At Osaki station (on the Yamanote line), change to the Rinkai line (dark blue; get on the train going towards Shin-kiba). Eleven minutes and ¥330 later, you will be at the Tokyo Teleport Station, in the middle of the Odaiba shopping area (what, you don’t have teleport stations in whatever backwater you’re squatting in? You poor dears). From here, you can walk or taxi to any number of malls. Here are the highlights–

AQUA CITY

Ramen restaurants, Odaiba, Tokyo

What? You’re going to Japan, and you are going to eat at McDonald’s?!?!? I think not. The Me-Matsuri Food Court on the fifth floor of the Aqua City Mall specializes in ramen and is easily accessible to English speakers. There are actually several different styles of ramen, all reasonably priced (¥600-¥1100, depending on what you get). All menus are in English–just choose, point, and pay. If the weather is nice, you can even sit outside and get a view of the Rainbow Bridge and Tokyo Tower. I remarked that I saw a blue shell fly across the bridge to knock out the leader; my son rolled his eyes. No one likes the blue shell. (open 1100-2300).

For the picky eaters, there are a couple of American fast-food places in the food court on the first floor. But maybe you can convince them to try Kua’aina Hawaiian Burger place (same food court) or the Longboard Cafe on the third floor. It’s worth a shot.

Sony Explora, Odaia Tokyo

After lunch, you can occupy the time of younger children at the Sony ExploraScience Museum. Obviously, the “science” focuses on Sony products, but the interactive exhibits are a lot of fun and it’s a neat thing to do for an hour or two. My son and I enjoyed the voice pitch-switcher and the motion-capture puppet screen (I got a robot to dance the Robot!). Be sure to compete in the electronic Smile rankings and try to get the best smile of the day! (5th floor, open 1100-1900; Adults ¥500, Children ages 3-15 ¥300, under 3 years old free).

Sony Explora, Odaiba, Tokyo

DECKS TOKYO BEACH SHOPPING MALL

Alright, Lego fans, here’s your spot. Decks Tokyo Beach Shopping Mall is right next to Aqua City. And inside on the third floor is Tokyo’s Legoland Discovery Center! Even if you’ve been to one of the other Legoland theme parks, you can come here to see Japan-specific brick sculptures, like a Lego sumo match, or a room-sized model of Tokyo.
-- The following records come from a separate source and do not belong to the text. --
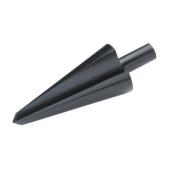  FORET HSS SPECIAL ANTENNES DIA 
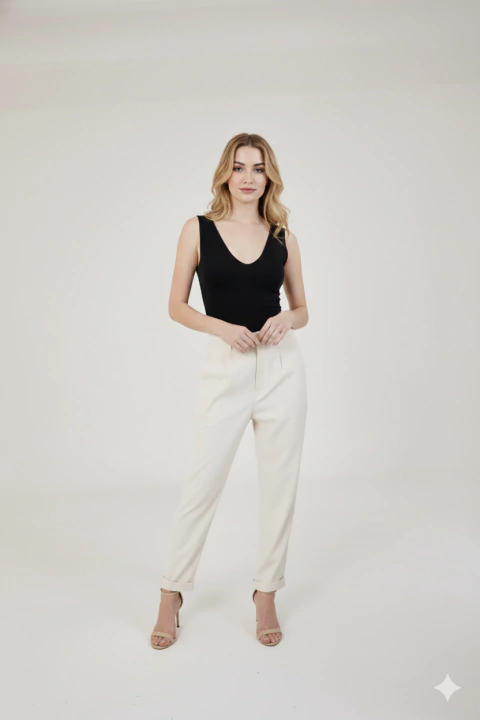 Pantalon Roma - comprar online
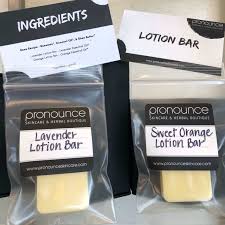 The pronunciation of the 't' sound and if and when it is pronounced often varies from british rp to general american pronunciation, and indeed the 'flap t' is what i often call a 'soft d' in my lessons. Lotion Bars Pronounce Skincare Herbal Boutique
Stop in the shop; even though the Lego is waaaay more expensive where you are from, you can snag a ¥350 minifigure from the current collector’s edition set, or a ¥700 keychain of your favorite Lego character. Singing an awesome song is optional, but if you forgot the words, don’t worry–it’s playing constantly while you’re in the store. I’m sure the clerks love that. (open 1000-2000 on weekdays , 1000-2100 on weekends; admission for all ages is ¥2200 walk-up)

Legoland, Odaiba, Tokyo

Decks also has a Madame Tussaud’s Wax Museum, so older children who may not Lego-inclined can go inside and have their picture taken with their favorite celebrity. (Open daily 1000-1900; Adults ¥2000, Children ages 3-15 ¥1500, discounts available online.

If you want to see both a Lego Tokyo Tower and a wax Angelina Jolie, you can get a discount on a combo ticket pack.

DIVER CITY TOKYO

This mall is a little farther away than the other two, but don’t worry; you can see it from Aqua City or Decks. It also gives you time to spin a tale. This one requires a little bit of prep.
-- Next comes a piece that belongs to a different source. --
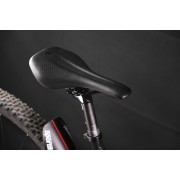 Mtb Usata Bergamont Revox 4 2024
Seed this dad joke with a few episodes of the Gundam anime series in the months before you come to Japan. You can find it on your Netflix. Before you get to Diver City, make sure the kids know that you flew a Gundam and had all sorts of interstellar adventures before settling down and becoming their dad. “Yep, all that’s over now,” you might say. “I parked the old girl around here somewhere before I walked away. I wonder if it’s still here…”
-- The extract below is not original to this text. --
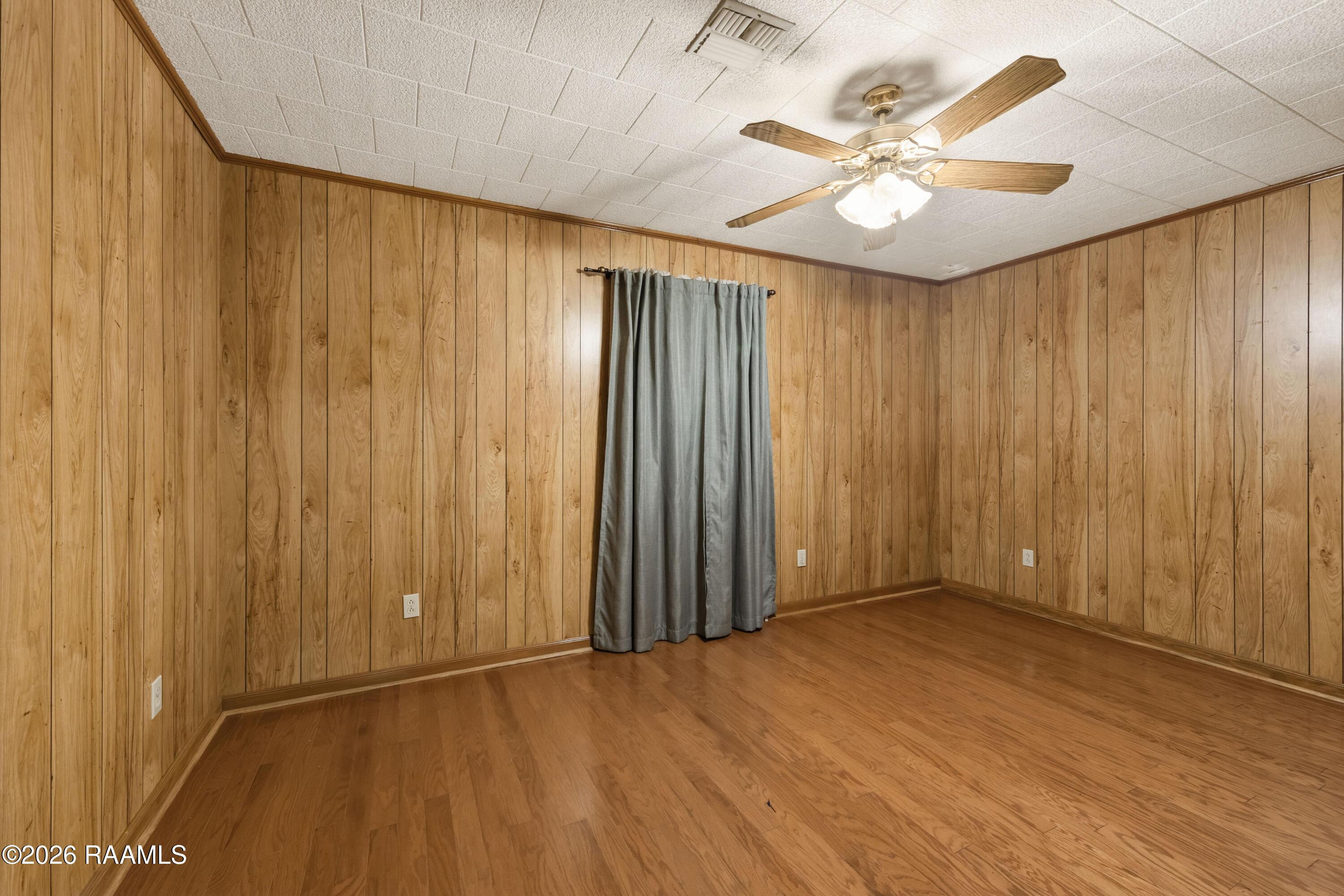 850 Leblanc Road Duson, LA 70529 - Photo 47 of 54 650LeBlanc-64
Gundam Statue, Odaiba, Tokyo

Then you take them behind Diver’s City, and look! Dad’s old Gundam is still here! The 18-meter tall attraction is constantly surrounded by people taking pictures, and surely no one would mind helping out the former pilot by taking a picture of him with his kids in front of his old rig. Afterwards you can stop by the nearby Gundam Cafe and pick up a souvenir or two (I recommend a coffee cup). There is a Gundam Front trailer outside near the Gundam, where you can pick up a model if you feel inclined.

Gundam Cafe, Odaiba, Tokyo

On the seventh floor is the gold mine–there is a Round1 Stadium and the Gundam Front Tokyo, right next to each other!

The Gundam Front Tokyo contains a museum of Gundam figures (free to enter), a shop, and a clothing store. You can also visit the inner areas and see the art museum and some awesome dioramas (open daily 1000-2000, Adults ¥1200, Children ages 3-15 ¥1000, you can buy in advance for ¥200 off)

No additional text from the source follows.